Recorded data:

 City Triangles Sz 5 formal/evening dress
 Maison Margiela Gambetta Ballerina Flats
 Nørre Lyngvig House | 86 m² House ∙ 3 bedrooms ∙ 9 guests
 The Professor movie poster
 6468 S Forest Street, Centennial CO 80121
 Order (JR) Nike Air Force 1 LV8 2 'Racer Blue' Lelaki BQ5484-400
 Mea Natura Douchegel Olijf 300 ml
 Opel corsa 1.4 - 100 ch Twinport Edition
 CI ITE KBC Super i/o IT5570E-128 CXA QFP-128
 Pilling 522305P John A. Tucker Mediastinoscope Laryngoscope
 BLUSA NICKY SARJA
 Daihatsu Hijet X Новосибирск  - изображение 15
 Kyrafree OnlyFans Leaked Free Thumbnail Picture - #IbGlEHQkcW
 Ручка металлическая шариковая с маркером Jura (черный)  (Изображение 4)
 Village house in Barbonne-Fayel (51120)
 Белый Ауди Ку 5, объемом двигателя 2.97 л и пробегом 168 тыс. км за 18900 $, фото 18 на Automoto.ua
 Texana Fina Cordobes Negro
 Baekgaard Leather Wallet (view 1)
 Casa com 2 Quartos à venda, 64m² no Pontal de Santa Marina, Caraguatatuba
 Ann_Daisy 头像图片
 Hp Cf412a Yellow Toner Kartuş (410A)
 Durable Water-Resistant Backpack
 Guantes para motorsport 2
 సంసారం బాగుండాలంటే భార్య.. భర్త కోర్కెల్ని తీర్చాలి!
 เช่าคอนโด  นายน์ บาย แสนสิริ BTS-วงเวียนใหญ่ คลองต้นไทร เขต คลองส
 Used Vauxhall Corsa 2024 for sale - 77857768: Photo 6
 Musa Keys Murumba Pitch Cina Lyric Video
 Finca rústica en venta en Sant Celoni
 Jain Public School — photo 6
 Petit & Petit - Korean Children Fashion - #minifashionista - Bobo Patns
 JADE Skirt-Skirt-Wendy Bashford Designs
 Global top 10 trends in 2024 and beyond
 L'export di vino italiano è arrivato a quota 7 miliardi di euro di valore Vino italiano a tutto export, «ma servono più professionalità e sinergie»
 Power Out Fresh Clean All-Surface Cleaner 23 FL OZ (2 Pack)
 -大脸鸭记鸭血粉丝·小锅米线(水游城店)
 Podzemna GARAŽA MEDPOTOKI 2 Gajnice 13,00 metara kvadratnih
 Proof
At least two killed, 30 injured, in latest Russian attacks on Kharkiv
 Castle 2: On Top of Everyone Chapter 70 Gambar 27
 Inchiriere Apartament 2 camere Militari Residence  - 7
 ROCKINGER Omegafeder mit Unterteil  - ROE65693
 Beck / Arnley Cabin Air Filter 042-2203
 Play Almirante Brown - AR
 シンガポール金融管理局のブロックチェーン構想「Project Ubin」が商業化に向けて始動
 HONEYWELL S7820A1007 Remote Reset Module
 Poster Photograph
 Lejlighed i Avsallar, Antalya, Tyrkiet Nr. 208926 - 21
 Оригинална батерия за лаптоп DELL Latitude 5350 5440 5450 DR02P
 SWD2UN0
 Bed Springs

**DIRECTIONS:** In the answer, the lines from the first line of the data above through the line containing "BLUSA NICKY SARJA" must appear exactly as written, with nothing else.

**EXERCISE RESULT:**
 City Triangles Sz 5 formal/evening dress
 Maison Margiela Gambetta Ballerina Flats
 Nørre Lyngvig House | 86 m² House ∙ 3 bedrooms ∙ 9 guests
 The Professor movie poster
 6468 S Forest Street, Centennial CO 80121
 Order (JR) Nike Air Force 1 LV8 2 'Racer Blue' Lelaki BQ5484-400
 Mea Natura Douchegel Olijf 300 ml
 Opel corsa 1.4 - 100 ch Twinport Edition
 CI ITE KBC Super i/o IT5570E-128 CXA QFP-128
 Pilling 522305P John A. Tucker Mediastinoscope Laryngoscope
 BLUSA NICKY SARJA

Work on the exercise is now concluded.